-- Opening Marker --

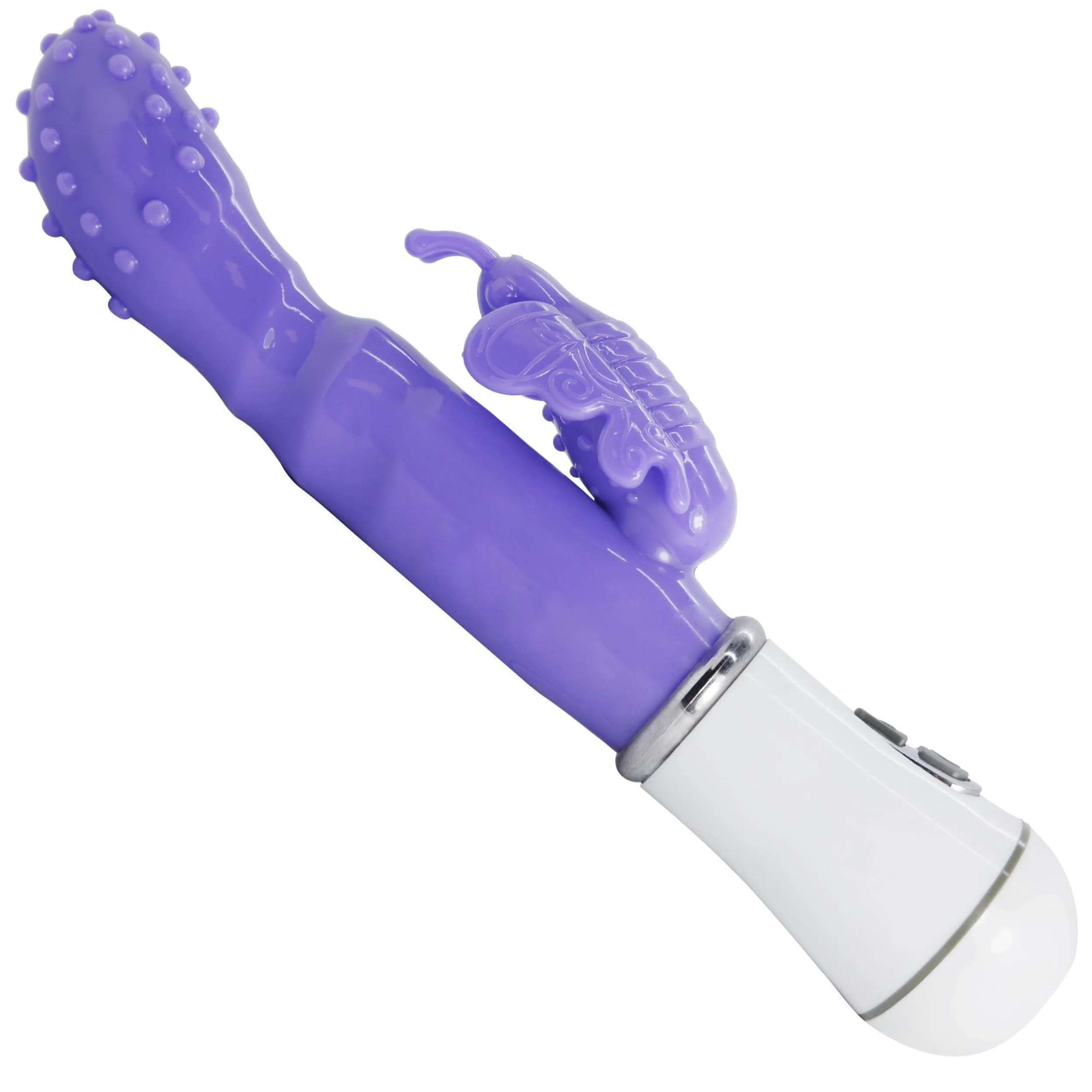 Dual-Action Bumpy Butterfly Vibrator with 10 Vibration Settings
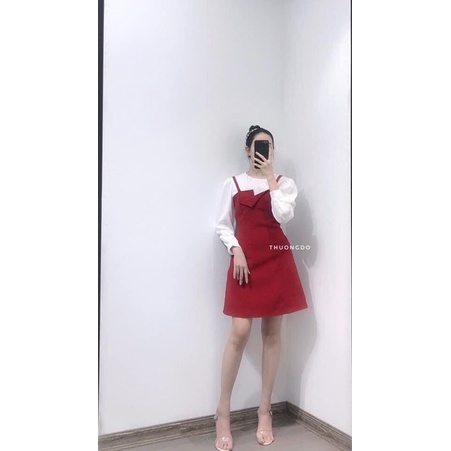 Set váy áo sơ mi nữ 2in1 hàng thiết kế chất đẹp Đầm công sở nữ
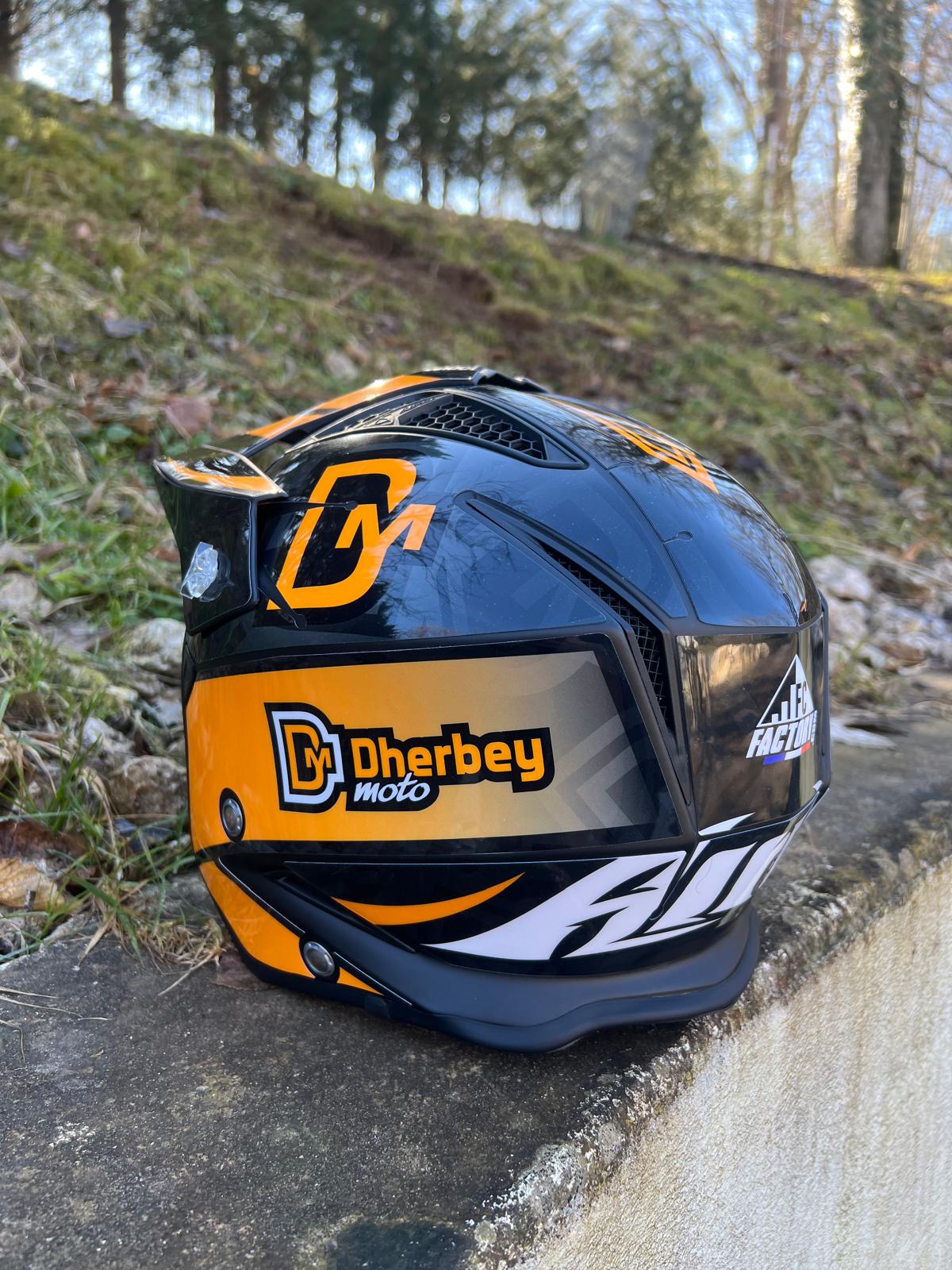 Kit déco Casque Trial Airoh TRR 100% Perso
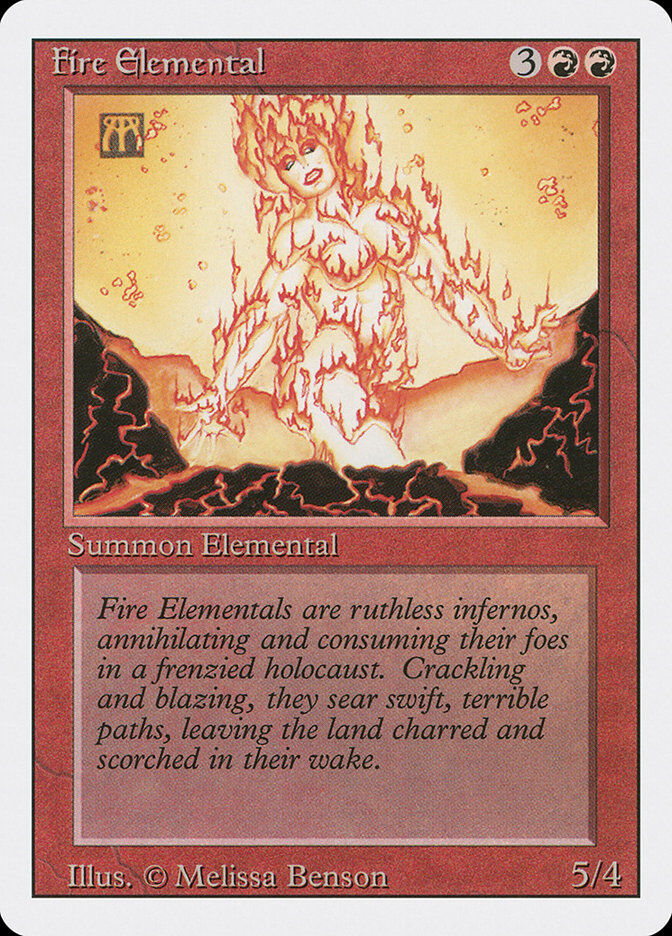 Revised Edition Fire Elemental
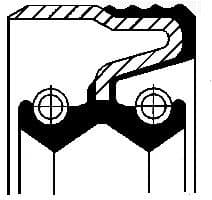 Shaft Seal, manual transmission 01026537B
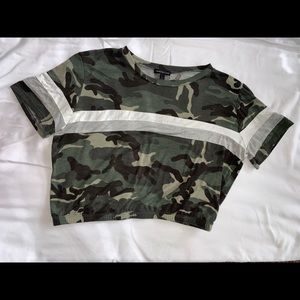 Camouflage Crop Top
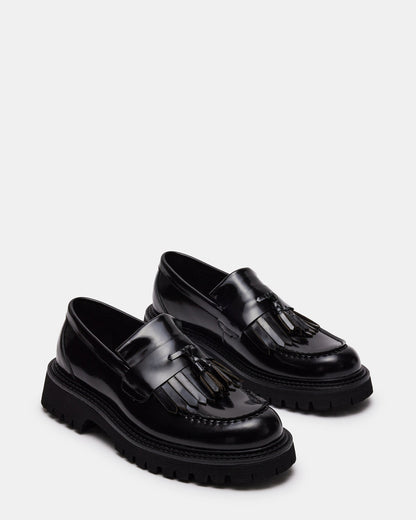 ZEV Black Box Lug Sole Dress Men's Loafer | Steve Madden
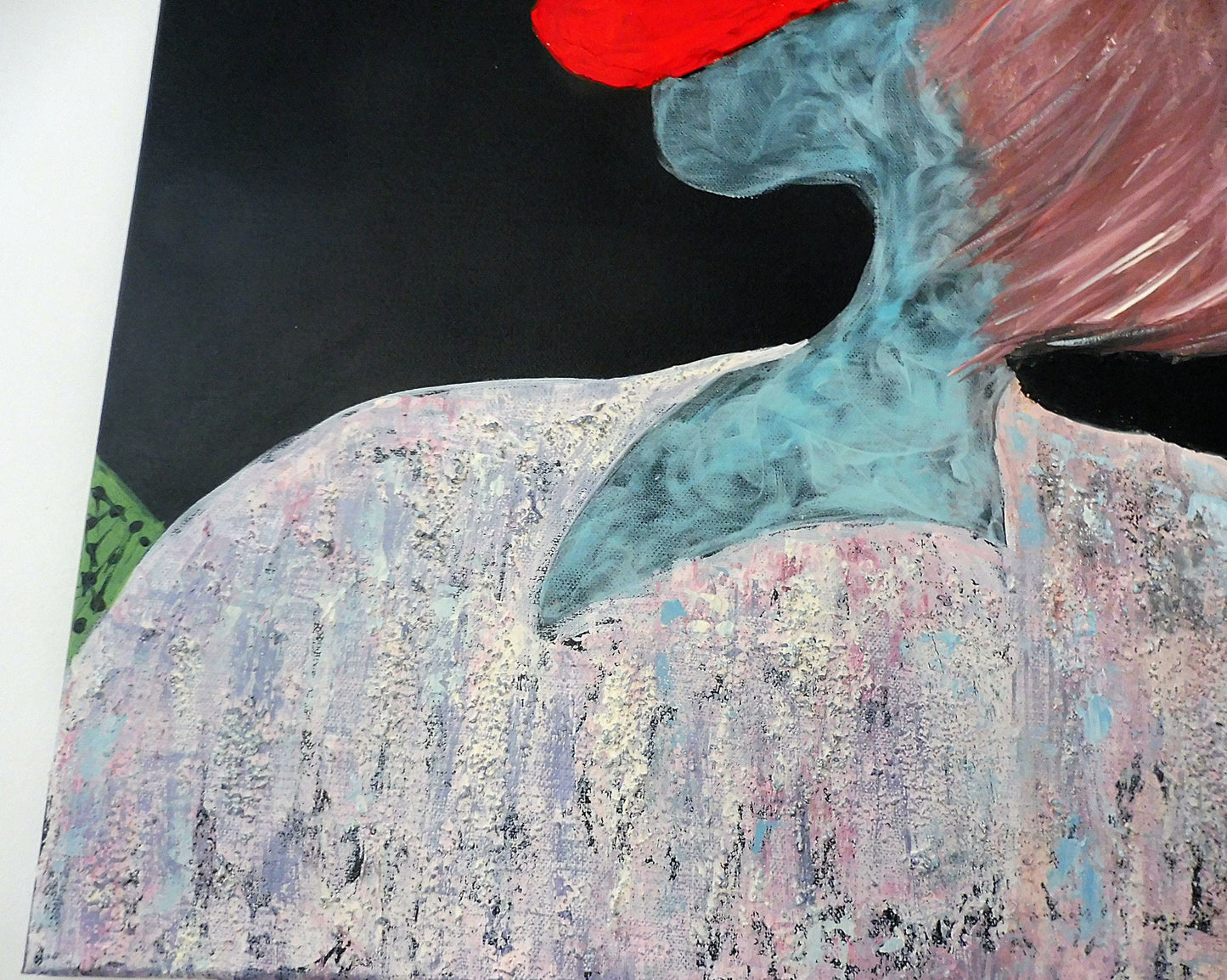 heavy textured abstract portrait | original | one of a kind | kunst | art | for sale | portrait | people | woman | abstract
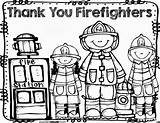 Fire Firefighters Safety Coloring Thank Preschool Pages Fireman Week Firefighter Classroom Crafts Department Kindergarten Community Helpers Inspiration First Freebie Responders sketch template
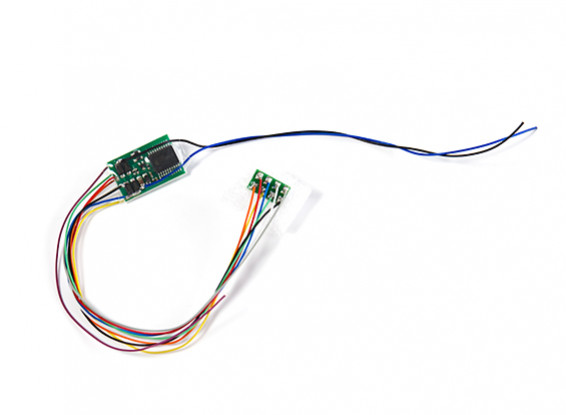 LaisDcc 4 Function Stay Alive 1A DCC Decoder with Trailing NEM 652 Plug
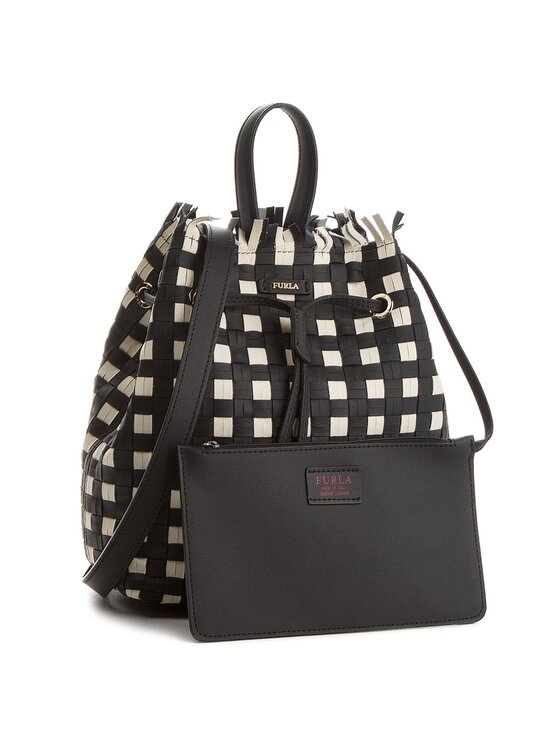 Furla Ročna torba Furla Stacy 946011 B BS0 BNG4 Črna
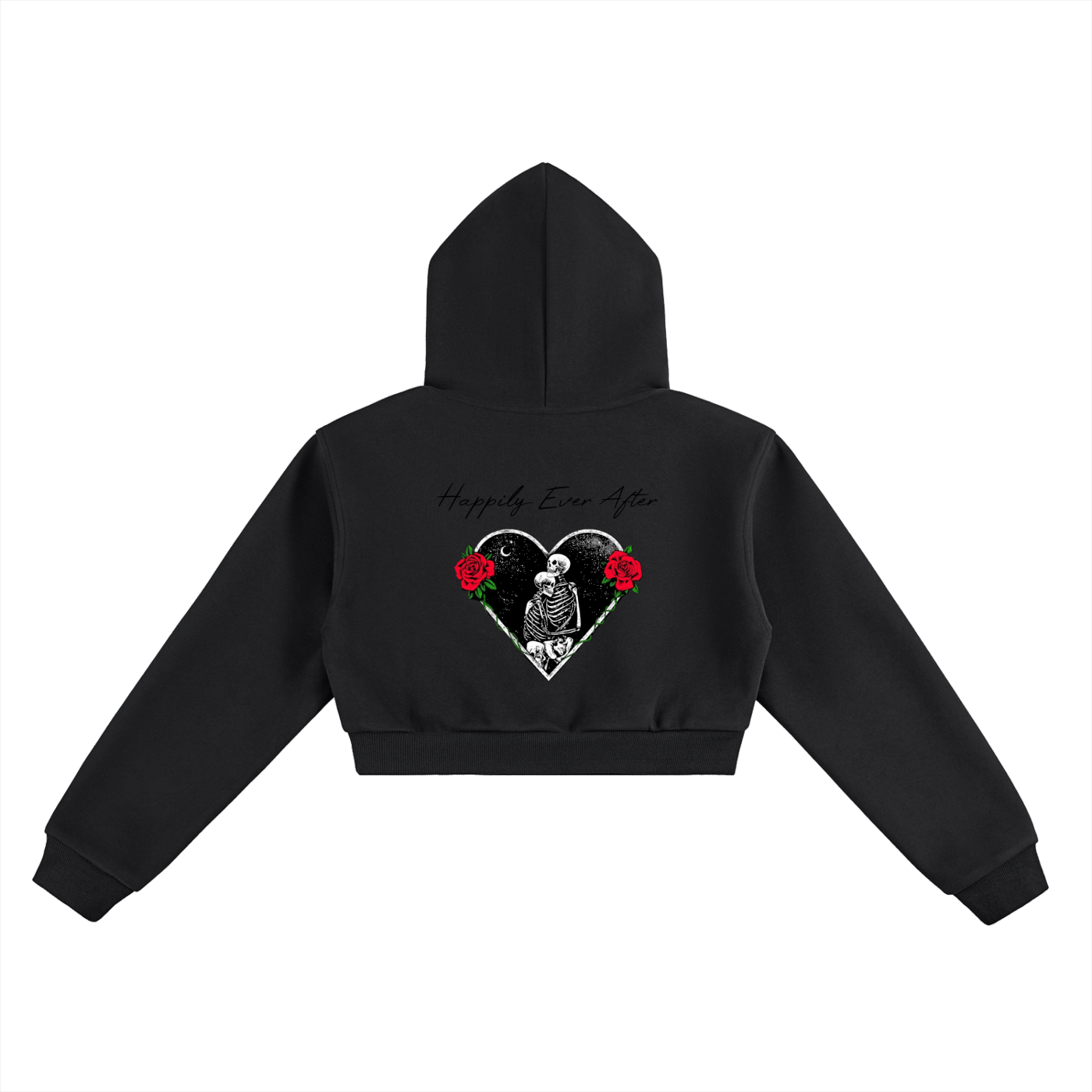 Special Edition "Happily Ever After" Essential Cropped Hoodie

-- Closing Marker --

**WHAT YOU SHOULD DO:** Nothing but the lines from the one containing "Furla Ročna torba" through the end of the entries is to be retyped, exactly as written and without pictures.

**TASK OUTPUT:**
 Furla Ročna torba Furla Stacy 946011 B BS0 BNG4 Črna
 Special Edition "Happily Ever After" Essential Cropped Hoodie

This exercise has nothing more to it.